I think the lesson there is that numeric types should only be used for things you actually want to do arithmetic with. An account ID that just happens to be all digits should still be stored and transmitted as a string.

ww520 · on April 13, 2012

The lesson I got was to be very careful about data type limitation when going across language boundary. The problem is not limited to numeric types. Different encoding and code page can screw up string values as well.

mikeash · on April 13, 2012

If you're not using UTF-8 everywhere then you're doing it wrong. Exceptions made for legacy systems, but you should get that data into UTF-8 as soon as possible.

ww520 · on April 13, 2012

It's unwise to lazily adopt a silver bullet without understanding the context and thinking through the consequence. I can say if you are not using XML with encoding specified to encode everything everywhere, then you are doing it wrong. You should get all your data into XML as soon as possible. Of course it sounds ludicrous.
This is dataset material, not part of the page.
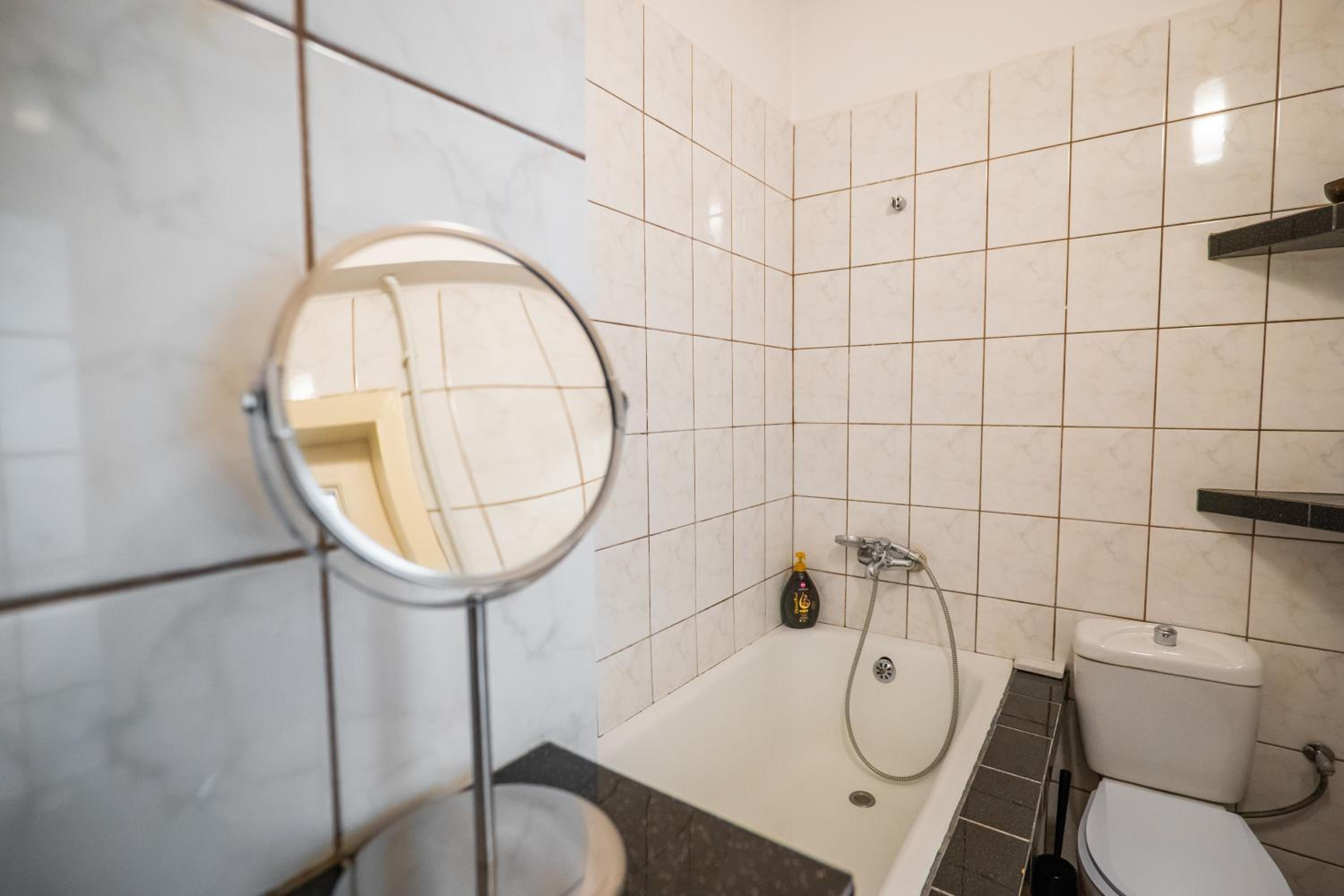 Bucharest Cozy Studio view 5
mikeash · on April 13, 2012

XML is just one data storage and exchange format above many, with no particularly interesting properties and no compelling reason to use it. UTF-8 is the only encoding that's ASCII compatible, widely accepted/expected, and can represent any text you'll ever encounter.

I can come up with half a dozen reasons to use something other than XML for data storage. I've yet to hear anyone give me a compelling reason to use something other than UTF-8 for encoding strings. Just because what I said is absurd when you replace UTF-8 with XML doesn't mean the original was absurd.

ww520 · on April 13, 2012

UTF-8 is not efficient for random access.

I don't have problem with UTF-8. I have problem with the silver bullet attitude advocating using an approach for all cases without thought. That's just intellectually lazy.

mikeash · on April 13, 2012

No encoding that can handle all the necessary languages will be efficient for random access.

I'm not saying don't think about it. But once you think about it, I think there's really only one sane conclusion to reach.

ww520 · on April 13, 2012

Never say never. UTF-32 handles them just fine.

mikeash · on April 13, 2012

Precomposed versus decomposed accents? Jamo versus precomposed Hangul characters? The Unicode code point is rarely useful thing to know about on its own, and code which assumes that one code point equals one "character", for whatever definition of a character is in use, is likely to work poorly with UTF-32.